● What you will do
Quote, word for word, the line containing "Hello and welcome" and all lines that follow it to the end of the records, with no pictures.

Content starts

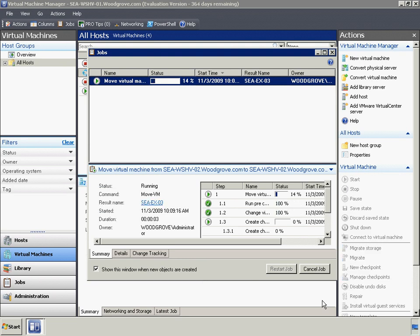VMM's Quick Storage Migration provides a lot of flexibility in dealing with changing storage requirements and scenarios. For example, VMM Quick Storage Migration allows migration of virtual machines across two hosts with independent storage, even if the VMs have snapshots.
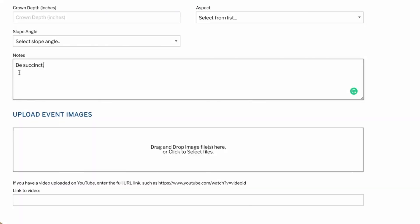The notes section is a place for you to provide essential information about your observation in a text format — it's best to be succinct. If you are submitting an avalanche for the benefit of the forecasters and don't want it to be made public, please state that in the notes section and that observation will only be shared with the avalanche center staff.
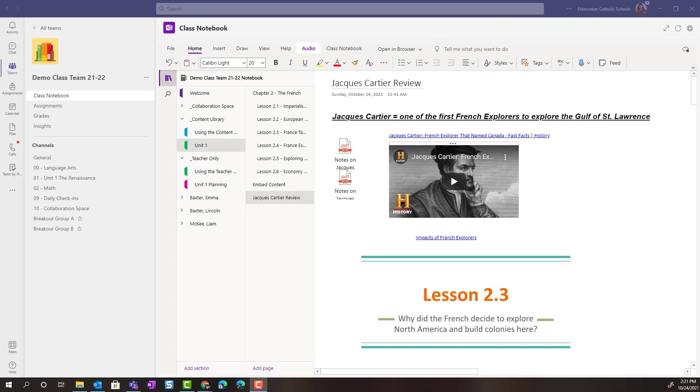Hi everyone, welcome back. Now that we've had the opportunity to see how you can build dynamic and interactive content inside of either the content library or the teacher-only space, let's take a closer look at how we can distribute that content or those pages to our students' individual OneNote Class Notebooks.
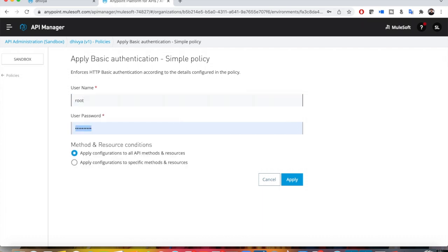This is a common configuration. If you want to apply to all methods or to specific resources, it's very simple - it's about you defining your own username and password.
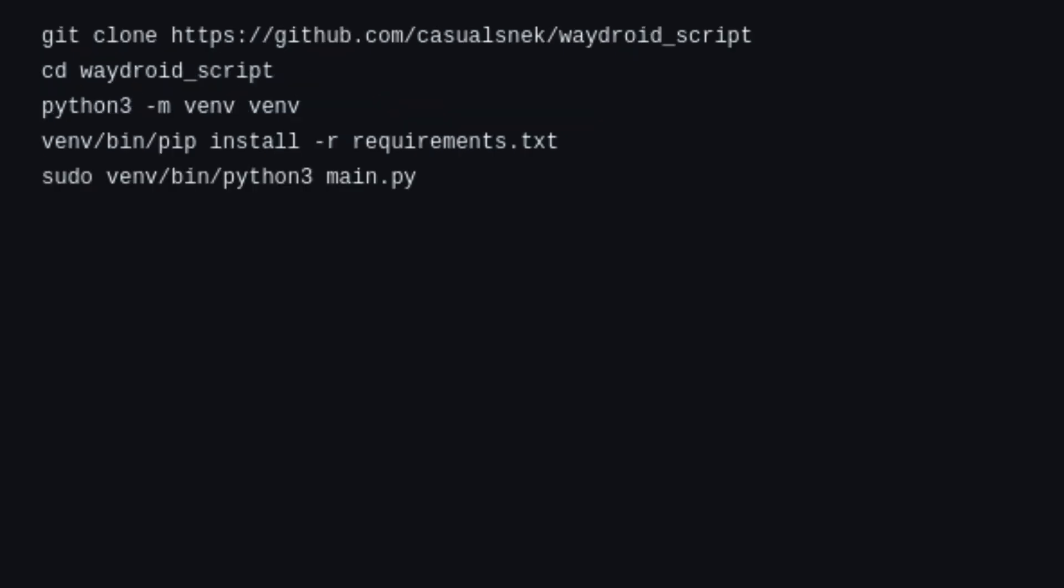The next and most critical step is enabling ARM support. To do this, clone the appropriate repository and follow the instructions.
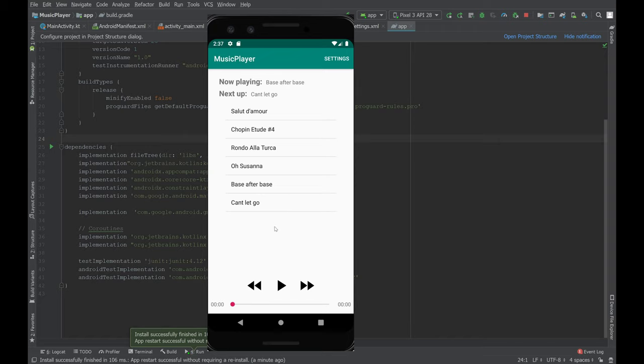So that's a quick tour of your media player. Have fun.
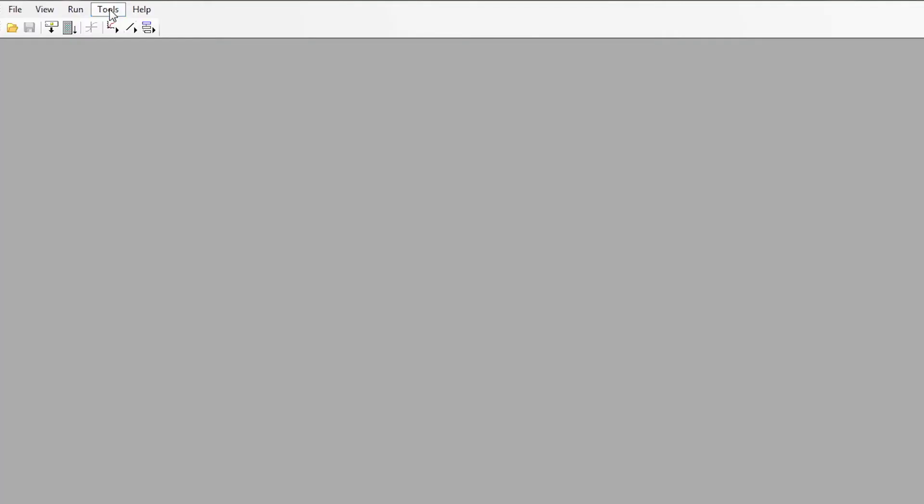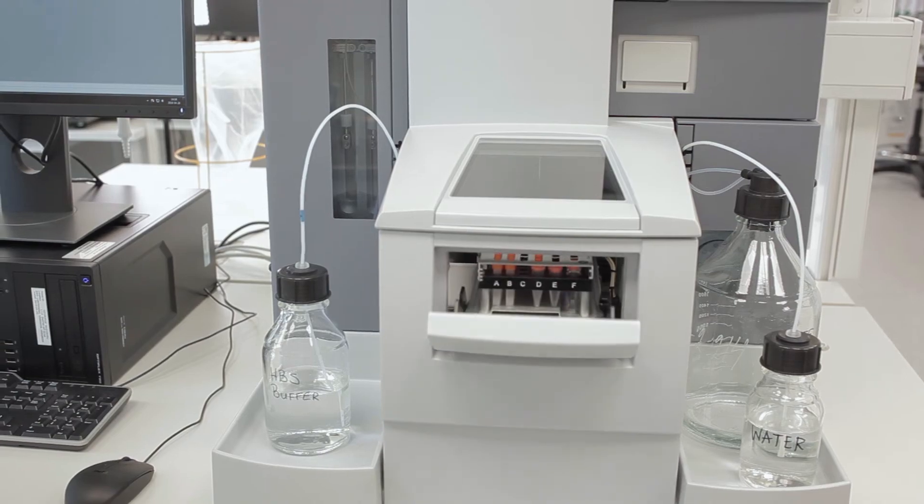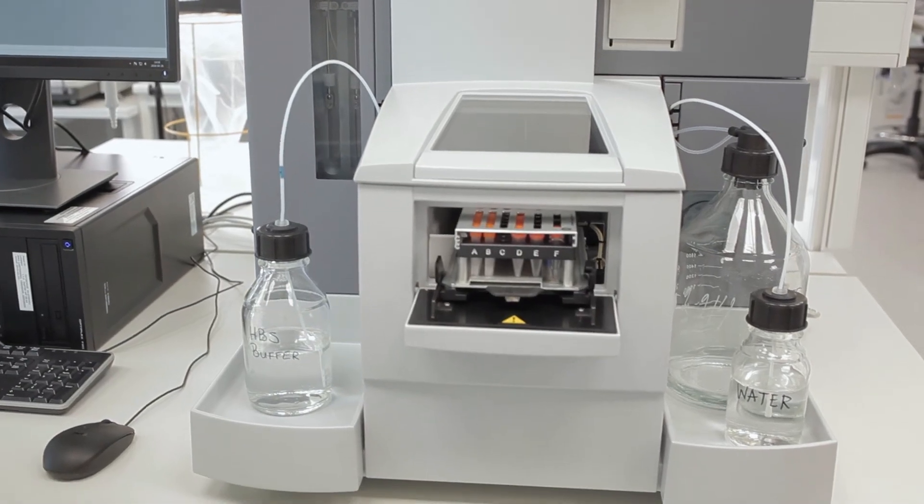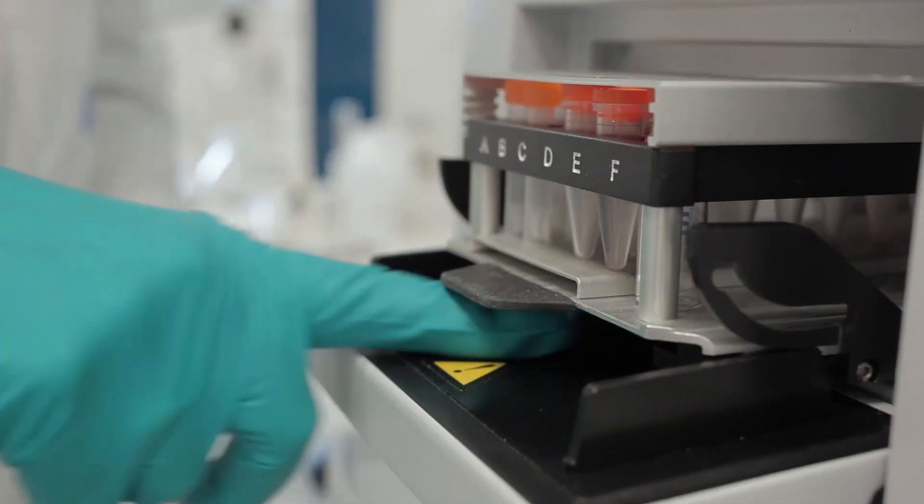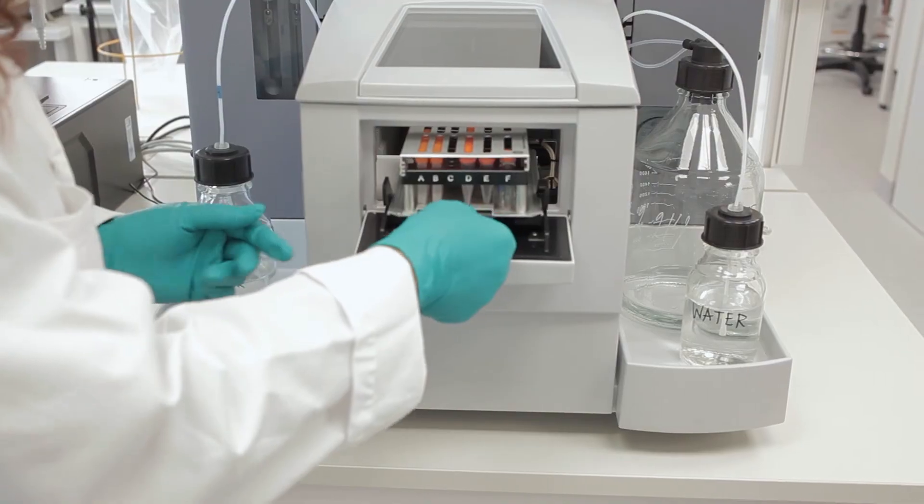The rack is removed by selecting Eject Rack from the Tools menu. Press the button beneath the rack tray to release and remove the rack.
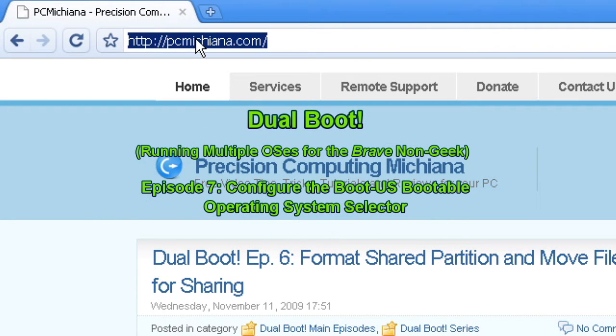Hello everyone, Technosuit Craig Chamberlain here and this is the Dual Boot Series where we teach you how to boot from multiple operating systems.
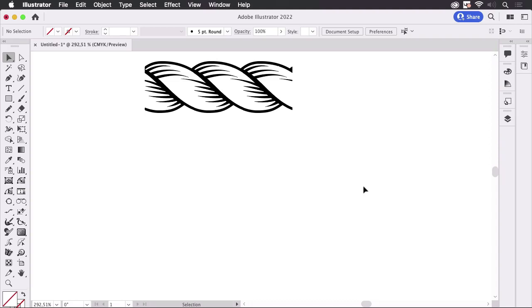Hello and welcome to the VectorGarden YouTube channel. My name is Monika and in this video we're going to draw an organic looking rope brush and we're going to draw it intuitively.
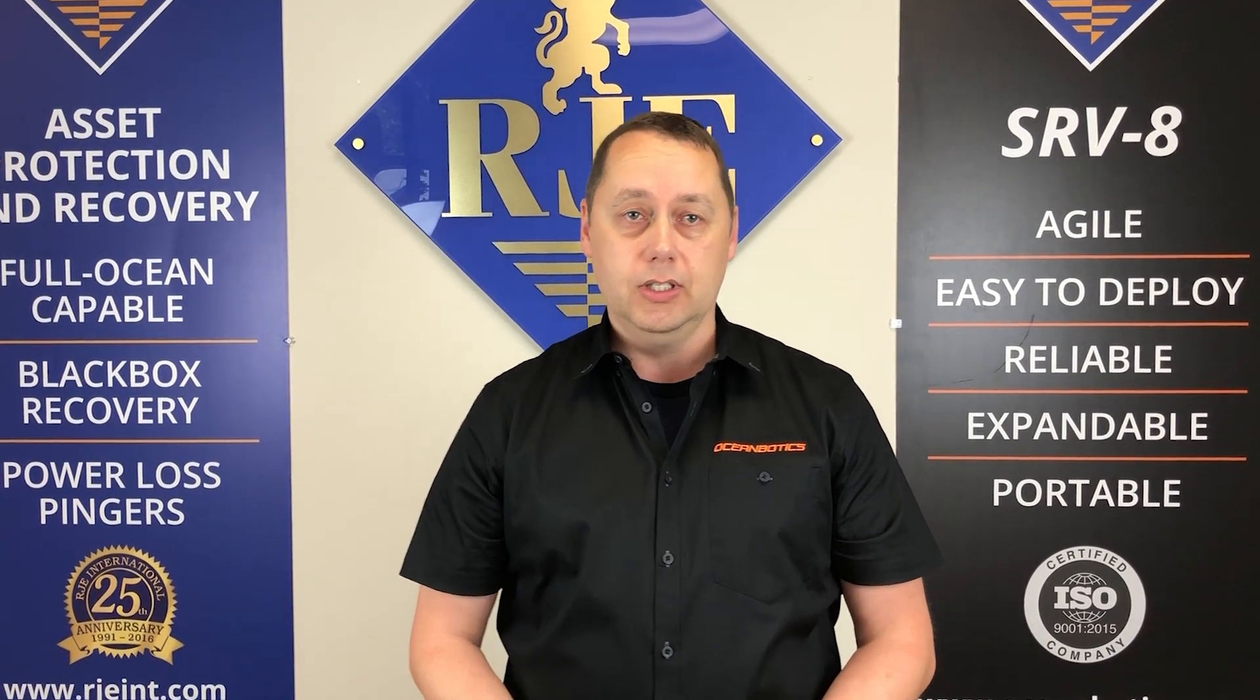Hi, Jeff here at RJE Ocean Botics again and today I'm going to show you a little bit of maintenance on your thrusters.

Content ends

● Answer area
Hello and welcome to the VectorGarden YouTube channel. My name is Monika and in this video we're going to draw an organic looking rope brush and we're going to draw it intuitively.
Hi, Jeff here at RJE Ocean Botics again and today I'm going to show you a little bit of maintenance on your thrusters.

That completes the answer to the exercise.